Ingressos - De 10 de junho a 1º de julho - 1 lata de leite em pó, que deve ser trocada por 1 ingresso na bilheteria do Teatro. De 7 de julho a 26 de agosto - R$10,00 e R$ 5,00 (meia entrada). Temporada - terças e quartas às 21 horas. Até 26 de agosto.
Teatro Imprensa - Sala Vitrine - Rua Jaceguai, 400 - Bela Vista - São Paulo - São Paulo. Fone - 11 3241- 4203. Capacidade - 48 lugares. Funcionamento da bilheteria - De terça a domingo a partir das 14 horas. Acesso e facilidades para pessoas com deficiência física. Ar-condicionado. Formas de pagamento - Aceita pagamento em dinheiro e cheques. Estacionamento conveniado na rua Jaceguai, 454 - Preço único R$ 8,00. Ingressos por telefone - Ticketmaster - (11) 2846-6000 (de segunda-feira a sábado, das 9 às 21 horas) ou pelo site www.ticketmaster.com.br.
Anatomia Frozen estreia no Projeto Vitrine
Cultural 2009 com direção de Marcio Aurelio
Rachel Ripani assina a tradução do texto inédito no Brasil
que trata da violência contra crianças. No elenco, Joca Andreazza
e Paulo Marcello, ambos da peça Agreste
O texto Frozen, da autora inglesa Bryony Lavery, ganha montagem inédita no Brasil com a Cia Razões Inversas, sob a direção de Marcio Aurelio. A peça Anatomia Frozen estreia dia 11 de junho, quinta, às 21 horas, na Sala Vitrine do Teatro Imprensa e integra o Projeto Vitrine Cultural 2009, do Centro Cultural Grupo Silvio Santos. No primeiro mês da temporada o ingresso é uma lata de leite em pó.

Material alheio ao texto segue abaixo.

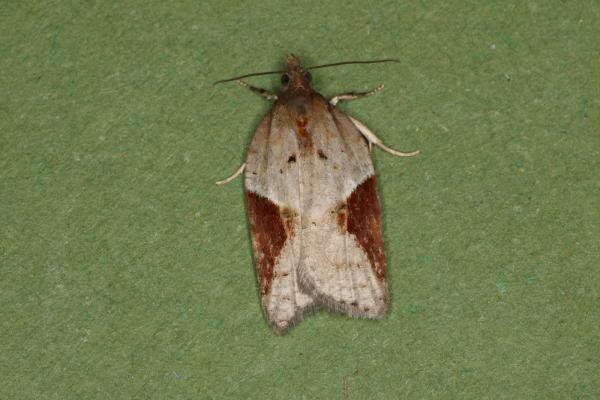 Acleris laterana/comariana, adult. Ouston, 11-09-2022. Copyright Verna Atkinson. Acleris laterana/comariana, adult. Ouston, 11-09-2022. Copyright Verna Atkinson.
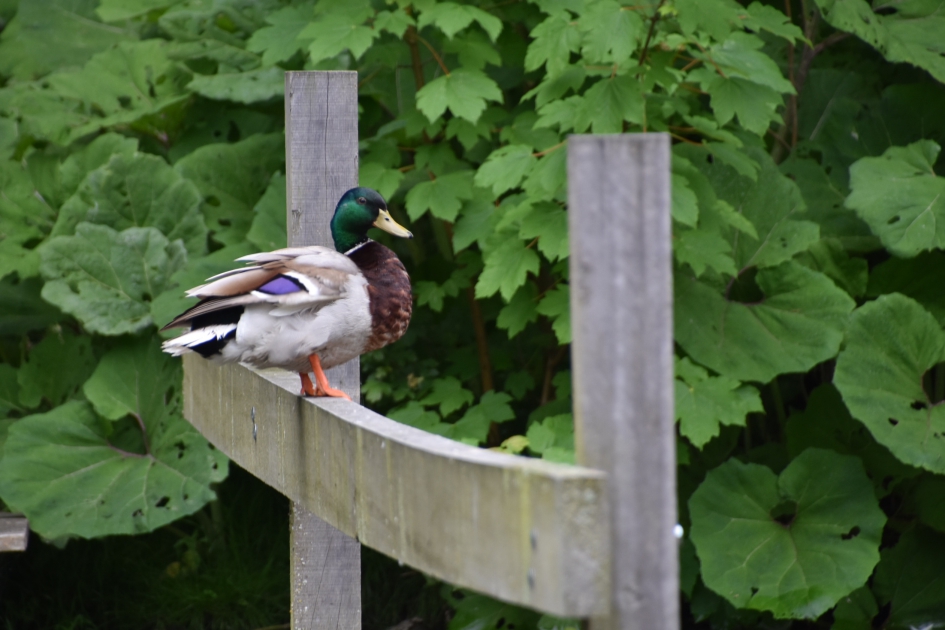 Op de uitkijk - Vogels - 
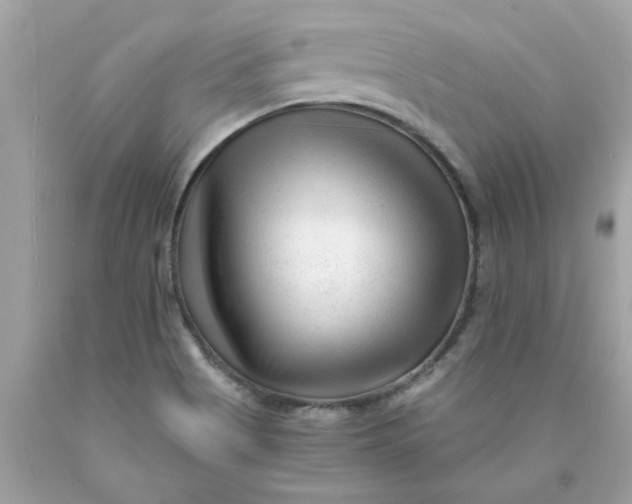 X0000089951513200707201914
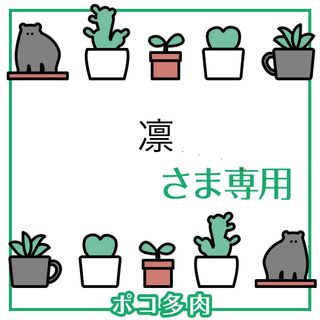 凛さま専用　ポコ多肉植物おまとめ韓国苗(その他)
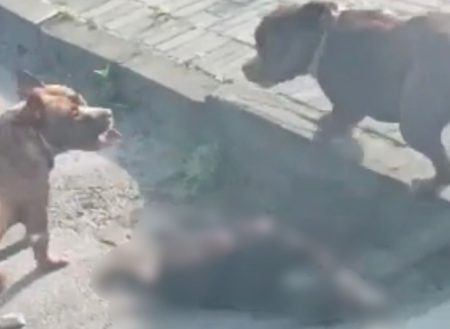 2 Pitbulls soltos atacam e matam cão em Indaial; comunidade pede medidas para evitar novos ataques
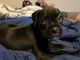 Boxer Puppies for sale in Pittsburgh, PA, USA. price: $750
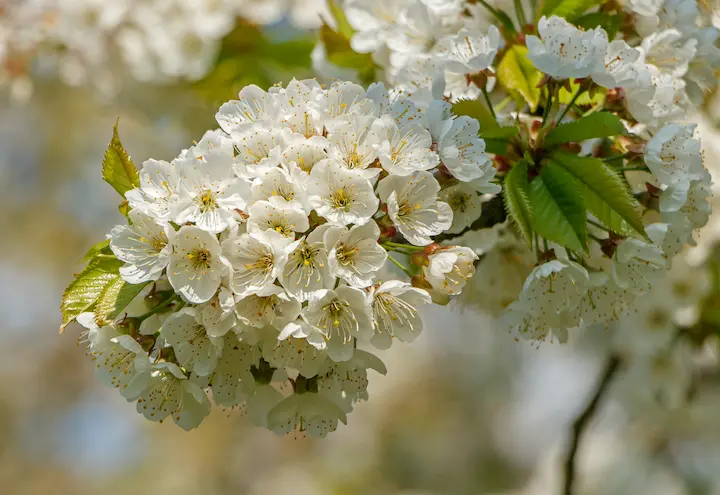 Fiori di ciliegio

A montagem faz parte do projeto Anatomia Comparada da Cia Razões Inversas (a mesma de Agreste, Senhorita Else, A Bilha Quebrada) em uma parceria com a atriz e produtora Rachel Ripani, responsável pela tradução inédita no Brasil. Em cena, Joca Andreazza e Paulo Marcello (ambos de Agreste). O projeto, cujo tema é a esquizofrenia social, prevê ainda a montagem de outra peça a partir dos fragmentos Woyzeck, de Büchner, primeira tragédia proletária envolvendo assassinato.
Anatomia Frozen trata da violência contra crianças. Lida com a vida e com a morte e com os efeitos que o abuso causa nas pessoas. Todos são afetados pelo abuso. O abusador, a vítima e as suas respectivas famílias. "O estupro e o assassinato brutal que acontece com uma das personagens da peça, infelizmente tem eco no Brasil de hoje, como o caso Isabela Nardoni e a menina que foi encontrada morta numa mala em Curitiba, além ser um assunto mundial, como o horroroso caso da Elisabeth Fritzl", afirma Rachel. "Acho que a arte também deve falar daquilo que incomoda, e apontar o espelho para nossa realidade, às vezes terrível."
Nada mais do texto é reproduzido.